Since some functions take the input data as a matrix instead of a data frame, I’m also creating matrix representation of the data:
x <- as.matrix(cbind(1, test_data[, 2:3]))
y <- test_data$y
Now the comparison:
bench <- microbenchmark(
fit_lm <- lm(y ~ 1 + x1 + x2, data = test_data),
fit_lsfit <- lsfit(x, y, intercept = FALSE),
fit_lm.fit <- lm.fit(x, y),
fit_.lm.fit <- .lm.fit(x, y),
fit_speedlm_df <- speedlm(y ~ 1 + x1 + x2, data = test_data),
fit_speedlm_matrix <- speedlm.fit(y = y, X = x, intercept = FALSE),
fit_fastLM_df <- fastLm(y ~ 1 + x1 + x2, data = test_data),
fit_fastLM_matrix <- fastLm(x, y),
times = 10
)
I’m comparing the lm()
function against the lsfit()
, lm.fit()
, .lm.fit()
functions from base R, the speedlm()
and speedlm.fit()
from the speedglm
package, and finally the fastLm()
function from the RcppEigen
packages.1
Before discussing the results, a word of caution. This is a simple toy example. The effective performance of these functions will depend on the problem itself, the operating system, the math libraries that R is using, the CPU of the machine, and the sustained maximum CPU clock of the computer, among other things. Moreover the lm.fit()
and .lm.fit()
functions shouldn’t be used directly, as stated by the R documentation.2
First, let’s check if the results are the same for all approaches:
all.equal(fit_lm$coefficients,
fit_lsfit$coefficients,
fit_lm.fit$coefficients,
fit_.lm.fit$coefficients,
fit_speedlm_df$coefficients,
fit_speedlm_matrix$coefficients,
fit_fastLM_df$coefficients,
fit_fastLM_matrix$coefficients,
check.names = FALSE)
## [1] TRUE
Then we can compare the efficiency of the different methods:
autoplot(bench, log=TRUE)
bench
## Unit: milliseconds
## expr
## fit_lm <- lm(y ~ 1 + x1 + x2, data = test_data)
## fit_lsfit <- lsfit(x, y, intercept = FALSE)

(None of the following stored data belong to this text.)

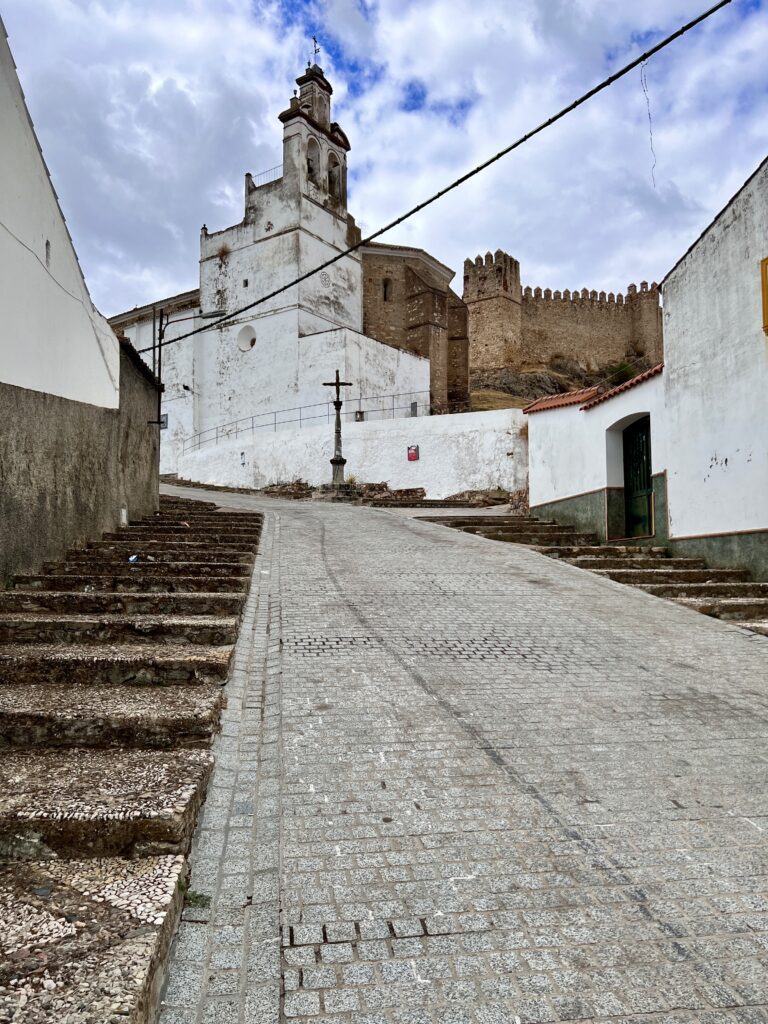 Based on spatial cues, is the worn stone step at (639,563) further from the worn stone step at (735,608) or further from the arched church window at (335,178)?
the arched church window at (335,178)

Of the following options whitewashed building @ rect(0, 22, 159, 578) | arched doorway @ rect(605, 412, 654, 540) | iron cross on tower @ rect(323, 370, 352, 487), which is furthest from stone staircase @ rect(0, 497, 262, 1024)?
iron cross on tower @ rect(323, 370, 352, 487)

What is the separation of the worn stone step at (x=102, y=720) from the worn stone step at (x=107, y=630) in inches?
38.4

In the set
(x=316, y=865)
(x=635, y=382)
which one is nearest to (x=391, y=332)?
(x=635, y=382)

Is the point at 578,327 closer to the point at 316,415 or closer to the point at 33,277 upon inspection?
the point at 316,415

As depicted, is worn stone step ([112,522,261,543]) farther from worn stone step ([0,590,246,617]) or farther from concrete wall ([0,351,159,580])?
worn stone step ([0,590,246,617])

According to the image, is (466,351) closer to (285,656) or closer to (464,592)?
(464,592)

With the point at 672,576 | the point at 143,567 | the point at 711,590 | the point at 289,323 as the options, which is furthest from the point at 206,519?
the point at 289,323

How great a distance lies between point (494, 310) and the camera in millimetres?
47000

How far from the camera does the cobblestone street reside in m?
1.91

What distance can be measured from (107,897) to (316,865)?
692mm

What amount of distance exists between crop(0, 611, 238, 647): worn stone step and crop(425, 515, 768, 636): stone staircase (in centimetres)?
483

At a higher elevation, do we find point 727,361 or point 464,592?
point 727,361

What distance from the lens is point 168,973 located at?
6.46ft

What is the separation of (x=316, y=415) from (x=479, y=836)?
3030cm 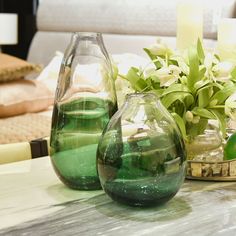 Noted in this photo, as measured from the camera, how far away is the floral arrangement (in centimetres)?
99

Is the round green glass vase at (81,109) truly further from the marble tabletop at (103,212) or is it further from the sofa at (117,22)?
the sofa at (117,22)

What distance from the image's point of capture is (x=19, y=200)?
927 mm

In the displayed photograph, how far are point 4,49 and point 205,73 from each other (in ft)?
11.1

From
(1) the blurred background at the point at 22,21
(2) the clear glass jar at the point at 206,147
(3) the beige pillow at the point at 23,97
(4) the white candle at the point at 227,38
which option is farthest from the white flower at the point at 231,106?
(1) the blurred background at the point at 22,21

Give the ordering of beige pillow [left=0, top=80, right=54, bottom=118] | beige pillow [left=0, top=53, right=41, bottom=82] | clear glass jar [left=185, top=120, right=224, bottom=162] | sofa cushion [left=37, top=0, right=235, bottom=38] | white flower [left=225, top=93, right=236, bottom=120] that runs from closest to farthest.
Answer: white flower [left=225, top=93, right=236, bottom=120]
clear glass jar [left=185, top=120, right=224, bottom=162]
beige pillow [left=0, top=80, right=54, bottom=118]
beige pillow [left=0, top=53, right=41, bottom=82]
sofa cushion [left=37, top=0, right=235, bottom=38]

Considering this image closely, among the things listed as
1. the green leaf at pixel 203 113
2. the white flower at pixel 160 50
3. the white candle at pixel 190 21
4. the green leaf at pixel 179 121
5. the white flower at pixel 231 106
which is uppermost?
the white candle at pixel 190 21

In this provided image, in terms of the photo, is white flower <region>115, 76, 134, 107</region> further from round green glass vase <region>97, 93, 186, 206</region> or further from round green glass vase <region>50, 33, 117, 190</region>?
round green glass vase <region>97, 93, 186, 206</region>

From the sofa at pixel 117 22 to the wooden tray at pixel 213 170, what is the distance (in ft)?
5.24

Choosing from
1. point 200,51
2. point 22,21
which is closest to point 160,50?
point 200,51

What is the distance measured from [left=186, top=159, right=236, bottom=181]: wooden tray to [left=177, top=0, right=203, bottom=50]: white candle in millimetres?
291

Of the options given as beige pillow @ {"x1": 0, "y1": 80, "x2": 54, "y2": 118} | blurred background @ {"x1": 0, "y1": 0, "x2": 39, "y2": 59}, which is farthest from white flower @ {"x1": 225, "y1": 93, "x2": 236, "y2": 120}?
blurred background @ {"x1": 0, "y1": 0, "x2": 39, "y2": 59}

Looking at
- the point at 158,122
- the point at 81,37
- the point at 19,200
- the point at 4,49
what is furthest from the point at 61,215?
the point at 4,49

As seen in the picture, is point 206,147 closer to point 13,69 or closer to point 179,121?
point 179,121

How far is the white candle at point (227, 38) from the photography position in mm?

## fit_lm.fit <- lm.fit(x, y)
## fit_.lm.fit <- .lm.fit(x, y)
## fit_speedlm_df <- speedlm(y ~ 1 + x1 + x2, data = test_data)
## fit_speedlm_matrix <- speedlm.fit(y = y, X = x, intercept = FALSE)
## fit_fastLM_df <- fastLm(y ~ 1 + x1 + x2, data = test_data)
## fit_fastLM_matrix <- fastLm(x, y)
## min lq mean median uq max neval
## 6828.9345 7146.6856 7591.7983 7390.2312 8099.4330 8609.801 10
## 1299.4915 1560.6033 1872.1942 1702.5058 2370.6262 2766.618 10
## 957.6946 995.4642 1260.5417 1097.8551 1278.9813 2502.580 10
## 821.9108 846.9022 976.0173 863.4897 1112.1696 1443.480 10
## 3852.0476 3905.1333 4145.0058 4061.1713 4250.1291 4880.512 10
## 181.3953 182.2440 492.0430 207.2382 603.4584 1474.690 10
## 7826.8584 7937.1581 8464.2897 8307.2791 9106.6024 9436.472 10
## 1313.2983 1361.3758 1588.5146 1476.4634 1685.5722 2127.451 10
The x-axis of the plot is in logarithm scale. The results show that the computational speed can be substantially different and faster than the lm()
function. One method, in particular, the fastLm()
function using matrices as an input, resulted in a very small computational time (about 0.2 seconds). By the way, this result is much faster than Stata.
This simple example illustrates that performance comparisons between different statistical software are hard to do. They will be dependent on our level of expertise in each language. I’m my opinion performance is just one dimension we should take into account when choosing a software/language. The depth and breath of R, and it’s data manipulation tools more than compensate for any performance penalty from using an interpreted language. In any case, when I hit a performance bottleneck it is easy in R to integrate C++ or to parallelise the code.